Emerge una cruda realtà: il fatto che il lavoro non è più sempre sinonimo di sicurezza e autonomia. Ai problemi economici si aggiungono dinamiche che coinvolgono persone che soffrono in silenzio, vittime di un sistema che troppo spesso li ignora. Nella “questione meridionale” fatta di famiglie indigenti c’è anche un altro disagio: quello culturale. Eppure l’istruzione è la chiave per uscire dalla povertà: “La cultura è un’arma di riscatto. Occorre mettere le persone nelle condizioni di poter studiare. Quando dicono che con i libri non si mangia non è vero. La cultura rende liberi. Bisogna mettere tutti sulla stessa linea di partenza; c’è chi va più veloce, chi meno, l’importante è arrivare al traguardo”, continua. Tante, troppe le rinunce a cui le persone sono costrette. Diventare poveri significa entrare in una zona grigia in cui il rischio di esclusione sociale è alto. C’è chi non riesce a mettere insieme il pranzo con la cena, chi non può comprare un paio di scarpe per se stesso per acquistarle al figlio. Archiviata l’era del reddito di cittadinanza, dal punto di vista economico, il salario minimo può aiutare “se distribuito bene. Distribuire a pioggia non funziona perché tanta gente non va a lavorare”.

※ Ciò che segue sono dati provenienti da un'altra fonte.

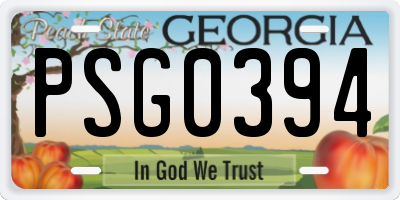 GA license plate PSG0394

C’è una povertà che più delle altre preoccupa, quella della sanità: “La gente chiede due cose: lavoro e diritto alla salute. Le persone non riescono ad acquistare i farmaci, talvolta non possono neppure fare le analisi”. Gli strumenti per contrastare la povertà e il disagio sono le istituzioni che sono chiamate a scendere in campo: “La politica deve creare varie opportunità per tutti. Con tutto quello che abbiamo potremmo vivere di turismo. La nostra terra è piena di santi, si potrebbe puntare al turismo religioso”. La vicenda del Banco Alimentare si è abbattuta come una scure, “questo centro rappresenta un punto di riferimento fondamentale per molte famiglie in difficoltà che si mettono in fila, con dignità, per portare a casa il pacco di alimenti.
Lo stop ha aumentato il disagio e la sofferenza di chi già lottava quotidianamente per sopravvivere, perché purtroppo tante famiglie non ce la fanno a fare la spesa”. Infine, il presidente Antonio Belmonte lancia un appello: “È necessario mettere al centro le persone e le loro esigenze, costruendo una rete di solidarietà capace di restituire dignità e speranza. Ci appelliamo a tutti coloro che hanno la possibilità di intervenire affinché si passi dalle parole ai fatti. Solo uniti, con un impegno sincero e coordinato, potremo vincere questa battaglia contro la povertà e il disagio sociale. Uniti si vince”.